Ce vendredi, la cour d’assises de la Gironde a rendu son verdict à Bordeaux concernant Matthieu Belloc, un agriculteur de 37 ans, reconnu coupable d'avoir tué le compagnon de son ex et d'avoir tenté de tuer cette dernière. Les tragiques événements se sont déroulés en septembre 2021 à Caumont, dans l'est de la Gironde.
Condamné à 30 ans de réclusion criminelle avec une période de sûreté de 20 ans, Belloc a vu son droit parental retiré. Ce soir-là, il a tiré à plusieurs reprises sur Jérôme Pagotto, nouvellement en couple avec son ex-compagne, qu'il a tué de trois balles, dont une en plein visage. La jeune femme, Sabrina Miquelajauregui, a pour sa part été grièvement blessée, perdant son bras droit lors de cette altercation tragique. Les deux ex-partenaire avaient récemment mis un terme à leur relation.
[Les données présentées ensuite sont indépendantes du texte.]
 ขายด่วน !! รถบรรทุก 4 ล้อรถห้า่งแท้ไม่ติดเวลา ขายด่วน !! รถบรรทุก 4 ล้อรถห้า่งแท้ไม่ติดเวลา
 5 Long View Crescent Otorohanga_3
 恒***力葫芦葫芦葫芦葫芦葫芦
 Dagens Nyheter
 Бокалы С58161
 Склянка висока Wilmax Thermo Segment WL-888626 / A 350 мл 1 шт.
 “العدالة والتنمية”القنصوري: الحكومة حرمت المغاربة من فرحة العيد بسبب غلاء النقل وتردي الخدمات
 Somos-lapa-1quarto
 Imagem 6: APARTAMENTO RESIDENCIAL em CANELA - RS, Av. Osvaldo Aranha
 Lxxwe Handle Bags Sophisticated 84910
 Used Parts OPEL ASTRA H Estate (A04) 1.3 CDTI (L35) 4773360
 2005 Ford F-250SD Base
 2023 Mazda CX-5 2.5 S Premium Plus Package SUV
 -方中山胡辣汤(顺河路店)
« J'étais hors de moi le soir du drame, je ne sais pas ce que je faisais », a déclaré l'accusé, en larmes pendant l’audience. La rupture après une décennie de vie commune a provoqué chez lui un sentiment de désespoir. D'ailleurs, pour lui, voir son ex avec un autre homme a été la goutte d'eau : « La voir avec un autre homme m'a fait dégoupiller », a-t-il exprimé.
Une jalousie destructrice
La préméditation des actes a été un point clé du procès. Bien que Belloc ait avoué avoir planifié le meurtre de Pagotto, il a nié avoir intentionnellement voulu nuire à Sabrina. Son avocate, Maître Christèle Badets-Pean, a évoqué un « crime de passion », arguant qu’il avait envoyé des menaces par SMS avant de passer à l’acte, attestant d’un état d’esprit conscient en dépit de ses affirmations.
Des regrets tardifs
En ce qui concerne la défense, il a été évoqué que Belloc n'était pas lui-même pendant l’attaque et qu’il a par la suite appelé les secours. « Je présente mes excuses à toute la famille Pagotto et à Sabrina pour tout le mal que j'ai fait. Je suis entièrement responsable de ce qu'il s'est passé : je mérite la peine de mort », a-t-il déclaré en pleurs.
La procureure avait, quant à elle, requis une peine de 30 ans avec un suivi psychologique, manifestant ainsi la gravité des actes commis. Cette tragédie soulève de nombreuses questions sur la violence conjugale et les conséquences dévastatrices de la jalousie.